程序中若有大量的线程创建和销毁，则对性能影响较大。我们可以使用线程池。同样地，它的API与Java极为相似。

Executor

concurrent.futures.Executor

这是一个抽象类，定义了线程池的接口。

submit(fn, *args, **kwargs)

执行fn(args,kwargs) 并会返回一个future对象，通过future可获取到执行结果
map(func, *iterables, timeout=None, chunksize=1)

这个方法与map(func,*iterables)类似
shutdown(wait=True)

关闭线程池

from concurrent.futures import ThreadPoolExecutor

# 使用max_workers参数指定线程池中线程的最大数量为2

with ThreadPoolExecutor(max_workers=2) as executor:

    # 提交任务到线程池

    future = executor.submit(pow, 2, 31) # 计算2^31

    future2 = executor.submit(pow, 1024, 2)

    # 使用future 获取执行结果

    print(future.result())

    print(future2.result())

# 执行结果

# 2147483648

# 1048576

同步

若有多个线程对同一个资源或内存进行访问或操作就有会产生竞争条件。

Python提供了锁、信号量、条件和事件等同步原语可帮忙我们实现线程的同步机制。

Lock

Lock有两种状态：locked和unlocked。它有两个基本方法：acquire()和release()，且都是原子操作的。

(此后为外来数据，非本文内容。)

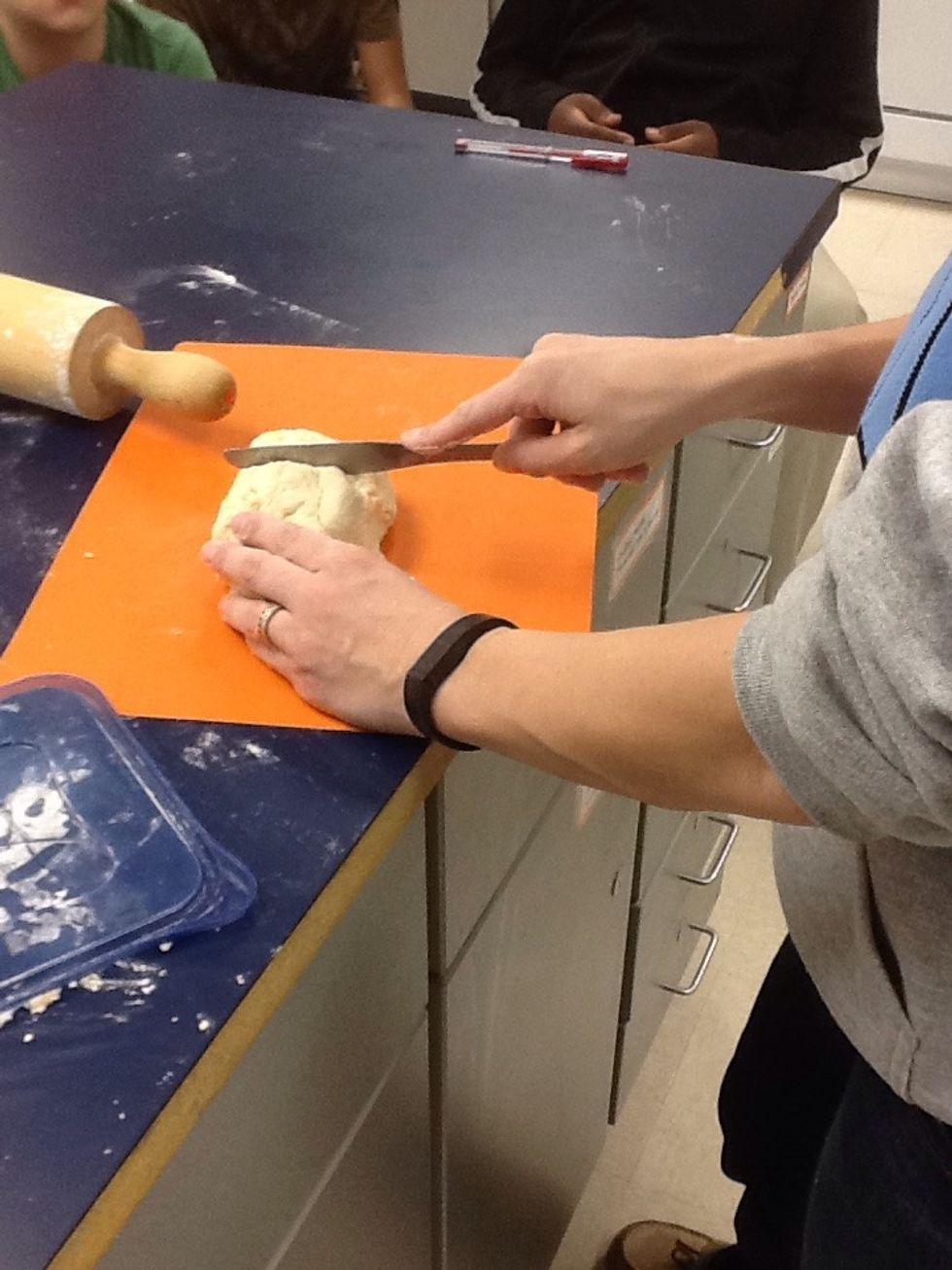 Cut dough in half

一个线程通过acquire()获取到锁，Lock的状态变成locked，而其它线程调用acquire()时只能等待锁被释放。当线程调用了release()时Lock的状态就变成了unlocked,此时其它等待线程中只有一个线程将获得锁。

import threading

share_mem_lock = 0

share_mem = 0

count = 1000000

locker = threading.Lock()

def add_in_thread_with_lock():

    global share_mem_lock

    for i in range(count):

        locker.acquire()

        share_mem_lock += 1

        locker.release()

def minus_in_thread_with_lock():

    global share_mem_lock

    for i in range(count):

        locker.acquire()

        share_mem_lock -= 1

        locker.release()

def add_in_thread():

    global share_mem

    for i in range(count):

        share_mem += 1

def minus_in_thread():

    global share_mem

    for i in range(count):

        share_mem -= 1

if __name__ == '__main__':

    t1 = threading.Thread(target=add_in_thread_with_lock)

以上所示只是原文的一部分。